CODEX

Measuring the impossible

Finn Shewell
CodeX
Published in
4 min readMar 11, 2021

--

🐑🐑🐑🐑🐑

Imagine for a second you’re a farmer. You’ve got a flock of sheep, and at ~$150 a ewe, you want to make sure they’re well looked after — right down to the quality of grass they graze on every day.

Given the choice, would you spend $200,000 installing sub-terrain humidity detectors and taking regular samples of you dirt to ship off to a lab, or would you put accelerometers on your sheep for $50 a pop?

The answer seems clear — and it outlines the massive (and overlooked) value of proxy data. Let’s jump into it.

The term ‘proxy data’ was originally coined by paleoclimatologists — an unfortunate area to be in if you’re looking to directly measure your focus of study.
Since a paleoclimatologist can’t measure the quality of climate at any other point aside from right now, they rely on other measurements to infer the climate of past ages.
You probably know one of them already — tree rings. The growth of a tree’s rings is influenced largely by the climate during it’s growth, so if you can measure different metrics of a fallen tree’s rings, you can estimate the quality of climate from sapling through to today.

This concept can be applied across almost every industry — and you don’t need tree rings to make it happen. It’s all about thinking in the second-order, and having a deep understanding of correlation and causation.

Let’s take the farmers situation as an example — one I’ve had the fortune to work on myself. Big gratitude to Peter, Sharl, and Luke from Abacus Bio for letting me present this work as a case in this article — the work I did with them is what spurred the concept of ‘proxy data’ in the first place.

The problem was this:

If a farmer wanted to track a flock’s location, measure sheep health, estimate grass quality, and judge when lambs may be in heat, it took several different solutions cobbled together to get the insights desired, at high cost, and through a large amount of effort.

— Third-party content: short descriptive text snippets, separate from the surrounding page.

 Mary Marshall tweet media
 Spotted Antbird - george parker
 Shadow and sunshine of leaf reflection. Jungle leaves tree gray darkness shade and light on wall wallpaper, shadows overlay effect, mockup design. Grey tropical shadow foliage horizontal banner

we developed a single product that can infer everything stated above and more.

With accelerometer and temperature data, we can calculate the relative distance between any given lamb and ewe, track whether a sheep is straying from the flock (correlated with poor health), rate of grazing (correlated with nutrient density of your grass), and likelihood a given sheep may be in heat.

So with only two forms of measurement, we can get clarity on a massive range of insights, for a fraction of the price.

The value proposition is clear: If you can benefit from data that is either prohibitively expensive or outright impossible to measure directly, explore how you might be able to capture insight through proxy data.

A complimentary perspective to take on this matter is to ask the following question:

Would you rather capture data that’s 60% accurate that can lead to $20 conversions, or data that’s 100% accurate, but will lead to $10 conversions?

The answer, once you’ve done the math, is simple. Say you take 200 actions based on these insights. with perfectly accurate data, you’ll end with $2,000. Not bad. With almost in-actionably bad data, you’ll end up with approximately $2,400. (side point: If any data you’re collecting is 60% accurate… let’s fix that.)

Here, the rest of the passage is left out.